Calligraphy, the art of fine writing with pen or brush, always reminds me of my dad.
He possessed fine, copperplate handwriting — which came in handy for family and friends with wedding invitations to write. He’d taught himself the art from library books while still at school.
It remained an on/off hobby throughout his life. He doodled alphabets, borders, illuminated initials and more on scraps of paper, envelopes and even sketchbooks bought for the purpose.
I still have some of those. I still look through them now, admiring the patience and the skill with which he filled those windows of spare time.
He took up the pastime again in retirement. This time he joined an evening class, where he became the delight and the despair of his long-suffering teacher.

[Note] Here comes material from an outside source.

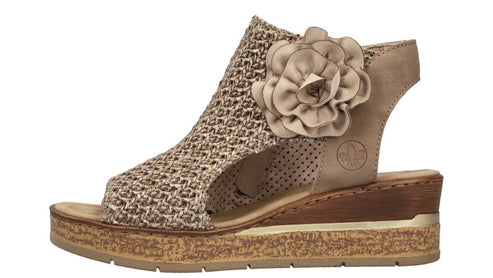 Beige sandal with open toe, woven top, large flower embellishment, and wedge heel.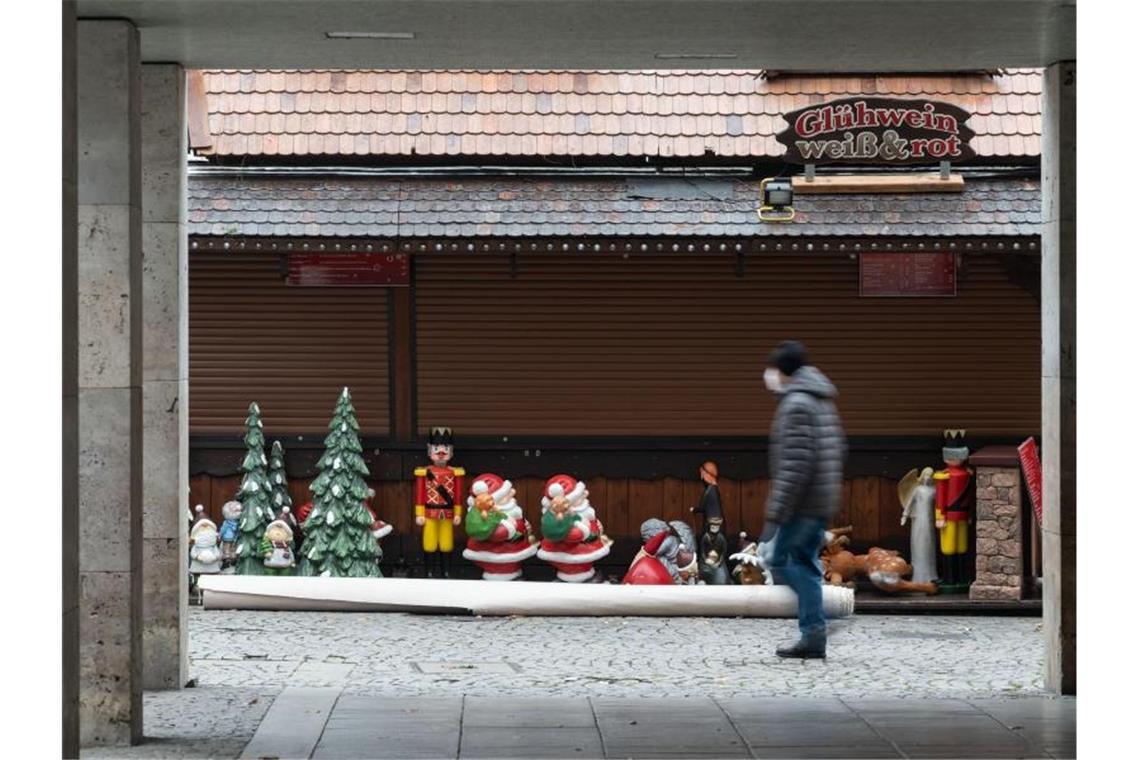Ein Mann geht an einer Weihnachtsmarktsbude vorbei. Foto: Marijan Murat/dpa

While the rest of the class toiled over their cursives and italics, my dad sat in a corner, unlit pipe clamped in place (it was before the smoking ban, but he was being considerate) embarking on a series of illuminated manuscripts.
He’d chosen one of the carpet pages from the Lindisfarne Gospels for this venture. An ambitious undertaking to say the least.
Shunning modern technical pens as “cheating”, he determined he would complete the whole thing using only fine sable brushes.
The dining room was turned into his scriptorium, where he sat for hundreds of hours overall, completely absorbed in his task. A perfect example of mindfulness if ever I saw one.
If my mother objected to the requisitioning of the table for this purpose, she never said.
Finally, and only just before the class’s end of year exhibition, he’d finished. His teacher marvelled at the detail, and lamented at the tobacco-coloured smudges he’d left around the margins.
He’d only made this and a couple of practice pieces for the exhibition, whereas the other students had produced many examples of their increasing abilities. It was, however, the star of the show.
He completed a few more of the pages in the years after he finished his classes. I still have them and treasure them, remembering the admiration he had for the scribes who laboured over their vellum hundreds of years before, and his own love of the art for its own sake.
Calligraphy was less a hobby and more a way of being for him.